External Sound Cards: Most of these are made for musicians and bedroom recording. That means they’re mass produced at a relatively low cost. Putting aside audiophile snobbery, this is not a bug, it’s a feature. Communication with the computer is most commonly through the USB port, though there’s a few Firewire and Thunderbolt interfaces out there.
The potential upside of going external is removing the sound card’s potential of noise contamination from being inside the computer case. There’s also superior portability, since you’re not tied down to a desktop machine as you are with PCI interfaces. The downside is potential noise and ground-loops from USB or Firewire power. Because of the intended market for external sound cards (amateur recording) and communications speed limitations with USB and USB 2.0, they are overwhelmingly available only with 48-kHz and 96-kHz sample rates (which I will discuss in greater detail later). However, we’re starting to see some nice hardware with higher sample-rate capabilities starting to come down in price.
Article Series Overview
In coming months, I’ll provide an overview of some of the hardware and software options. Following that, we will consider what external hardware it takes to translate that into a useful instrument. Along the way, I will provide some examples of actual measurements and what it took to obtain them.

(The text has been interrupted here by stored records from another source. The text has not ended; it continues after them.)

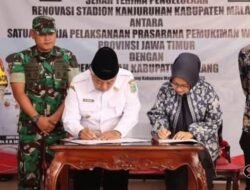 Stadion Kanjuruhan Resmi Diserahkan ke Pemkab Malang, Siap Digunakan Kembali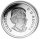 Kanada 1 Dollar 2008 400 Jahre Quebec - Silber PP
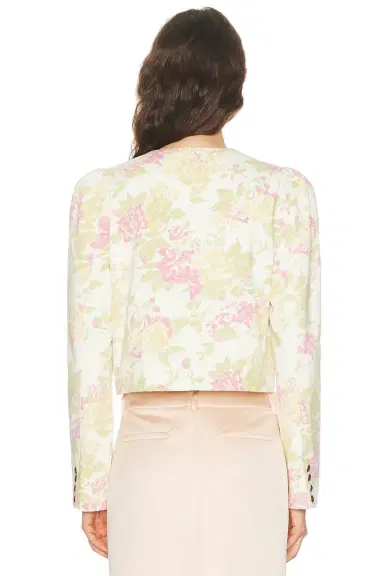Citizens of Humanity Anita Puff Sleeve Jacket | Thumbnail 5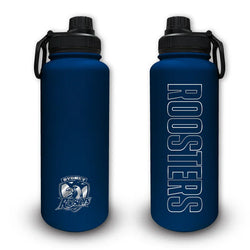 Sydney Roosters Stainless Steel Drink Bottle - SPORTFIRST HERVEY BAY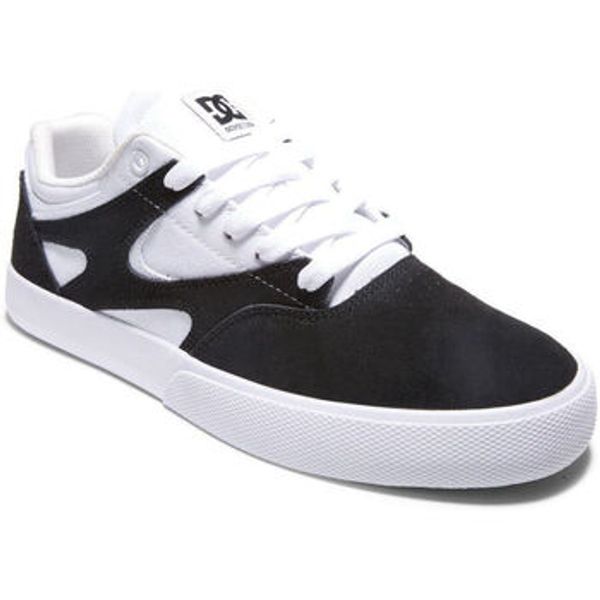 DC Shoes DC Shoes  Modne tenisice Kalis vulc ADYS300569 WHITE/BLACK/BLACK (WLK)  DC Shoes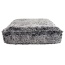 Midnight Frost - Rectangle Bed  SM - Midnight Frost - SM- 24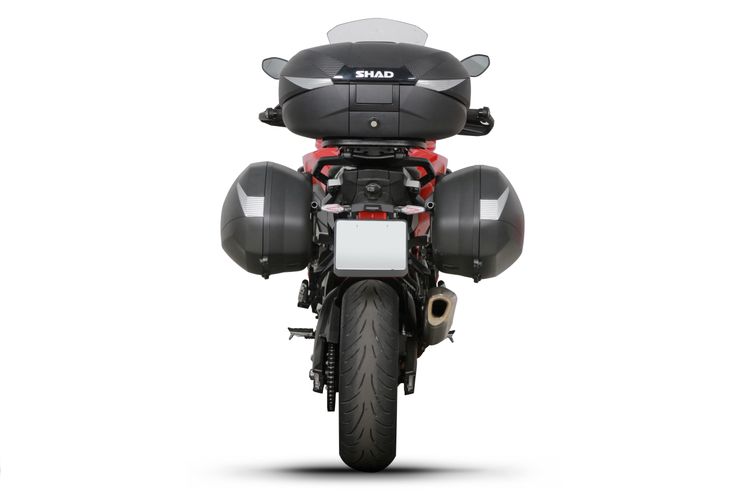 Soporte para maletas laterales Shad 3P System BMW 1000 2020 W0SX10IF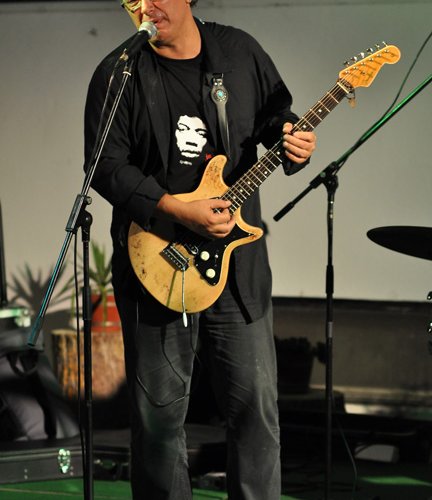 Poze Hendrixperience 2010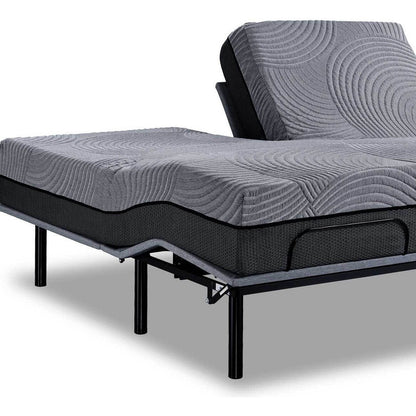 Max 12 Inch Split Top King Soft Mattress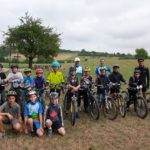 Ferienspaß der Mountainbike-Abteilung vom Steigerwaldklub Gerolzhofen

I’ll also discuss ways to design and build your own simple interfaces and jigs to do common measurements.
In addition, I’ll review some specific pieces of commercially available software and hardware so you can get a good idea of the trade-offs and choose what’s most appropriate for the measurements you want to do. Finally, we’ll consider some advanced issues in measurement and how they can impact your results and the way the data are presented. Next month: Choosing a sound card and some computer tips.
H. Biering, “Measurement of Loudspeaker and Microphone Performance Using
Dual-Channel FFT Analysis,” Application note for the Brüel & Kjær 2032, 1984.
B. Waslo, “The IMP Analyzer,” Speaker Builder, January–April 1993.
———, “The IMP Goes MLS,” Speaker Builder, June 1993.
Read Part 2 of the series
Read Part 3 of the series
Read Part 4 of the series
Read Part 5 of the series
Read Part 6 of the series
Read Part 7 of the series
Read more articles by Stuart Yaniger
This article was originally published in audioXpress, June 2015.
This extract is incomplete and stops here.